TASK DIRECTIONS
Please repeat exactly the lines from the one containing "8203 Banded Tussock" to the end of the entries below, both included, and omit all pictures.

PROVIDED DATA
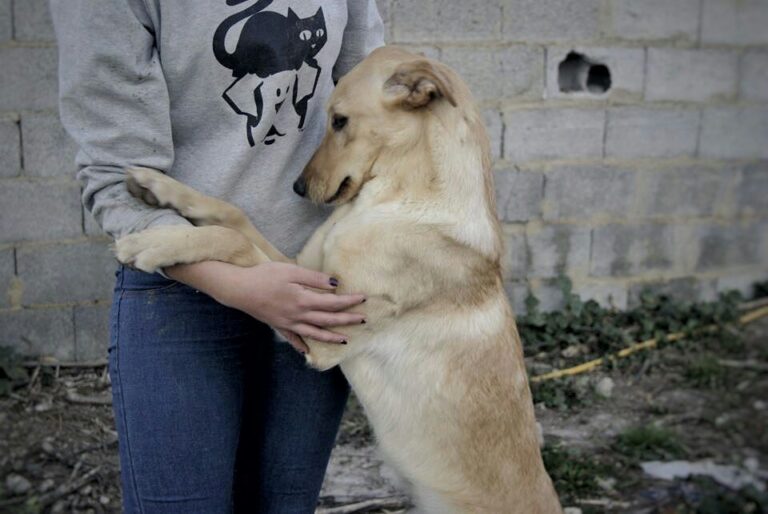 Abyda pide más ayuda al Ayuntamiento de Jaén para proteger y cuidar a los perros jiennenses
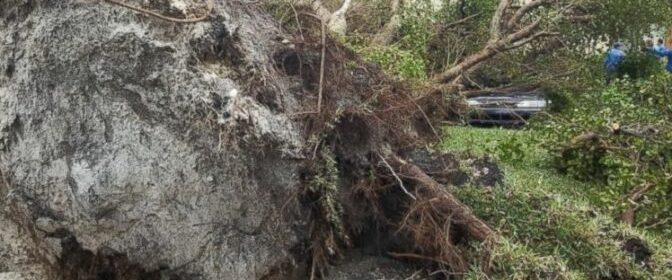 Toppled Trees in Florida Reveal 19th-Century Fort where 270 escaped slaves died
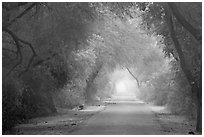 Misty path at down, Keoladeo Ghana National Park. Bharatpur, Rajasthan, India (black and white)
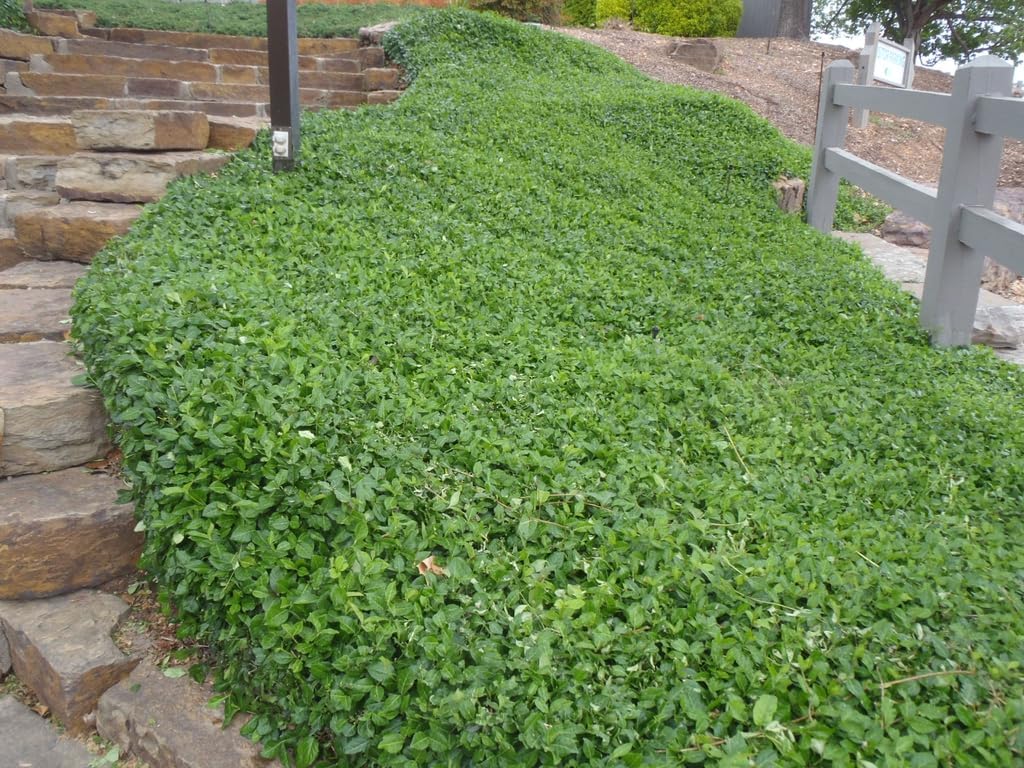 Euonymus fortunei 'Coloratus' / Purpur-Kriechspindel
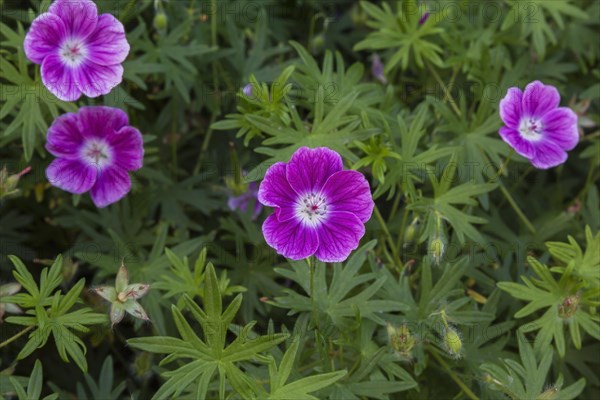 Bloody Cranesbill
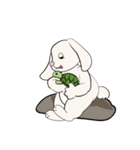 Bunny Rabbit（個別スタンプ：2）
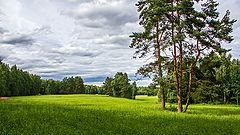 фото "Пейзаж с соснами"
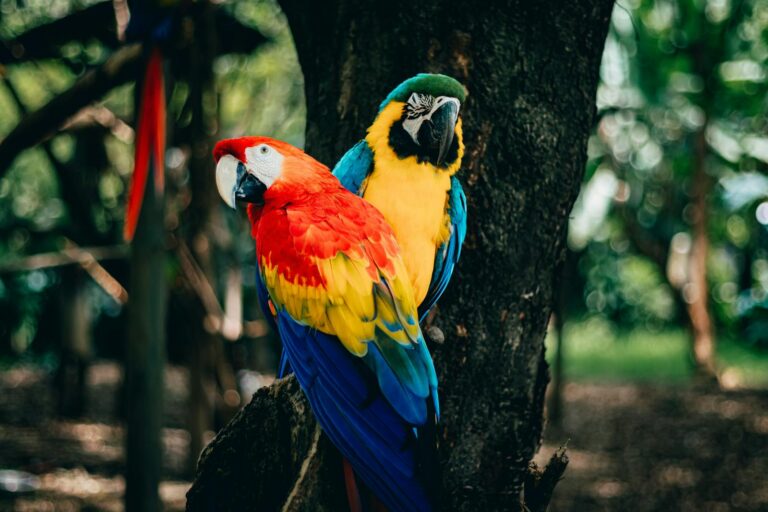 Two vibrant macaws perch on a tree, showcasing vivid reds, blues, and yellows in an outdoor setting.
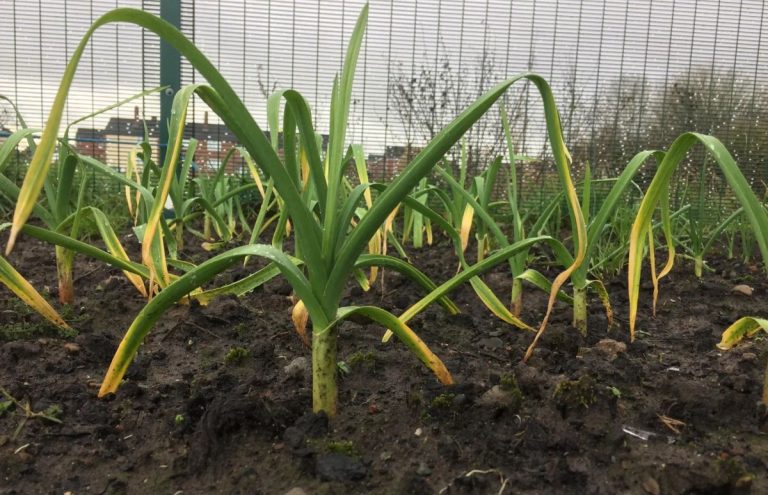 Îngrijirea usturoiului în luna iunie: Ce faci când frunzele se îngălbenesc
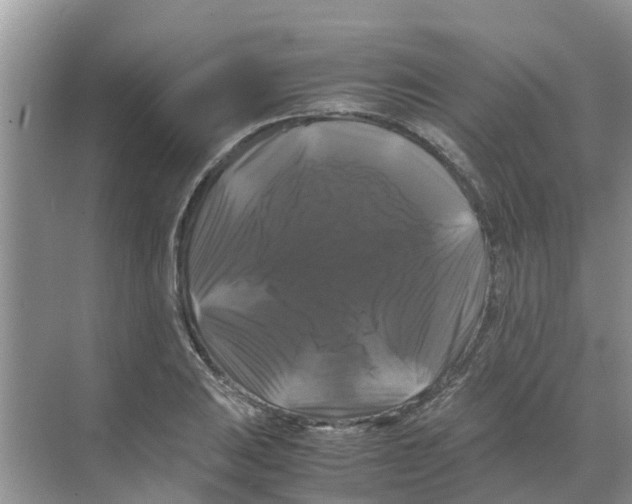 X0000070171031200606231915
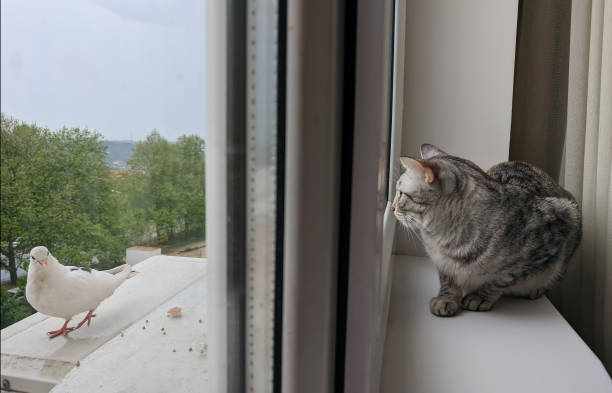 Chat tenté par un oiseau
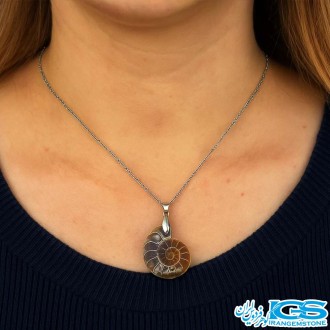 گردنبند فسیل آمونیت | نماد انرژی حیات و تحول بدون زنجیر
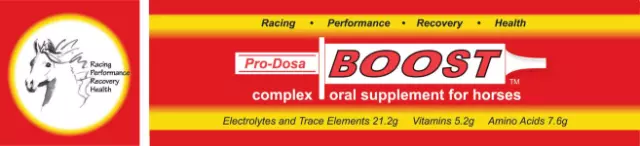 Pro-Doser Boost Paste 80mls Complex Oral Supplement Horses Equine Health Farming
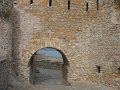 IMG_7547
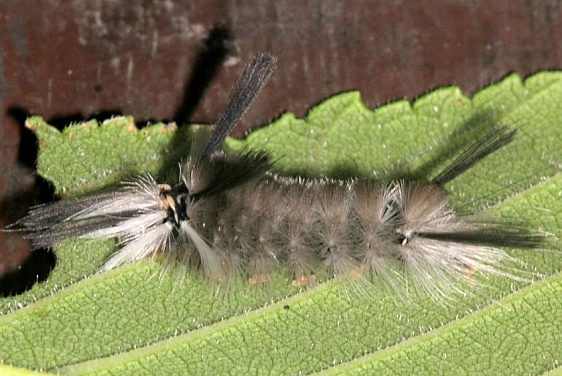 8203 Banded Tussock Moth caterpillar Burr Oak Cove Wayne Natl Forest Oh 8-2-18 (10)_opt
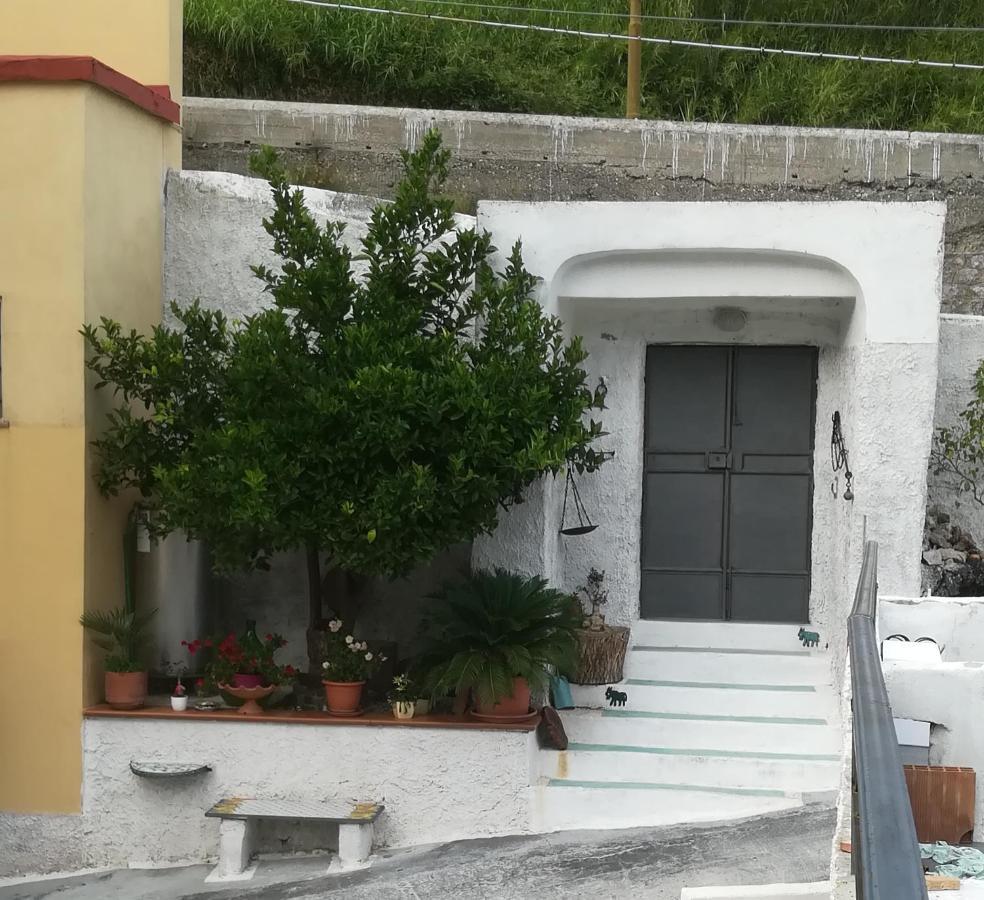 Il Covo Delle Civette Bed and Breakfast Vietri Exteriör bild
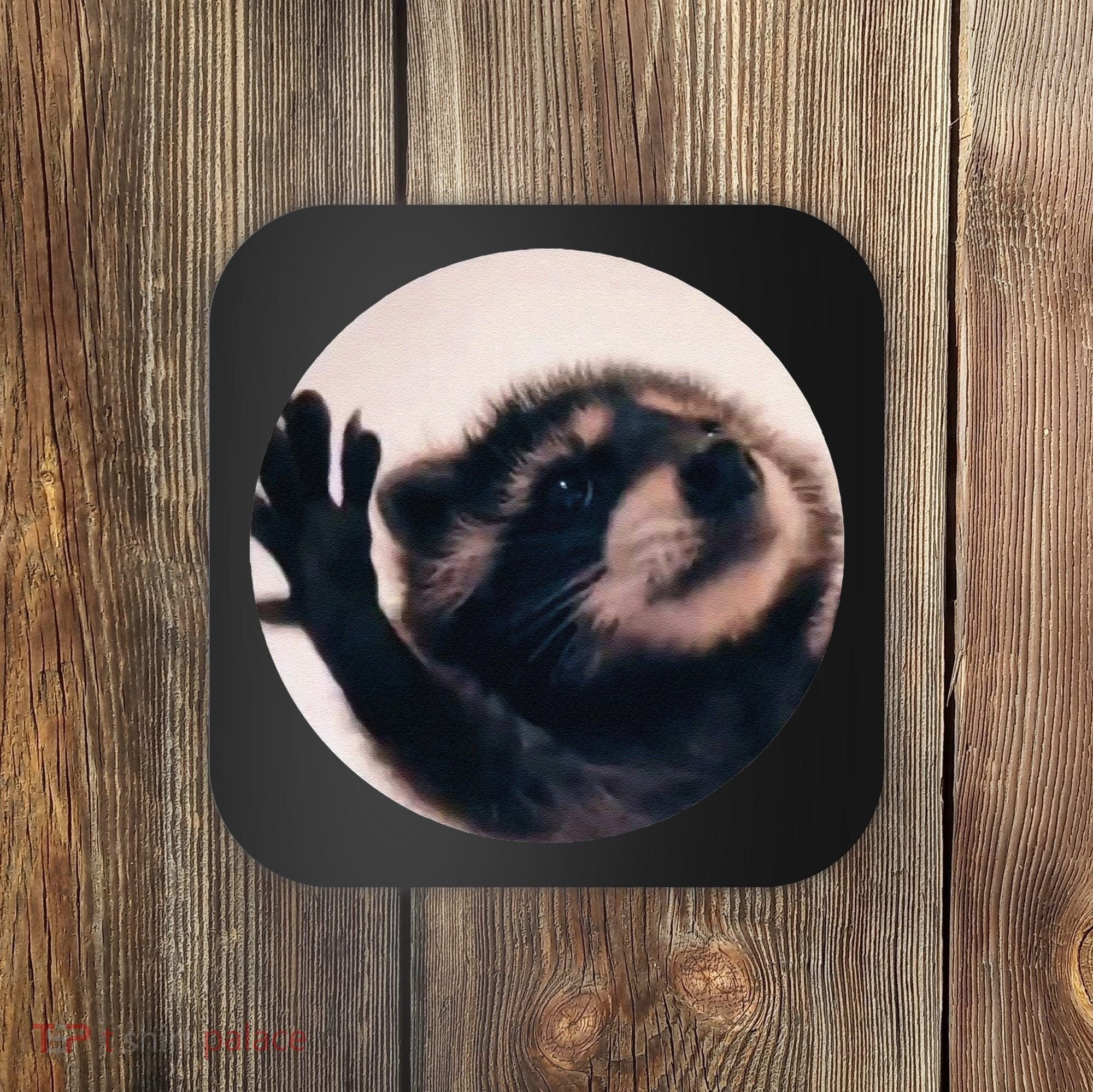 Pedro Pedro Racoon Dance Popular Internet Meme Racoon Day Coaster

EXPECTED ANSWER
 8203 Banded Tussock Moth caterpillar Burr Oak Cove Wayne Natl Forest Oh 8-2-18 (10)_opt
 Il Covo Delle Civette Bed and Breakfast Vietri Exteriör bild
 Pedro Pedro Racoon Dance Popular Internet Meme Racoon Day Coaster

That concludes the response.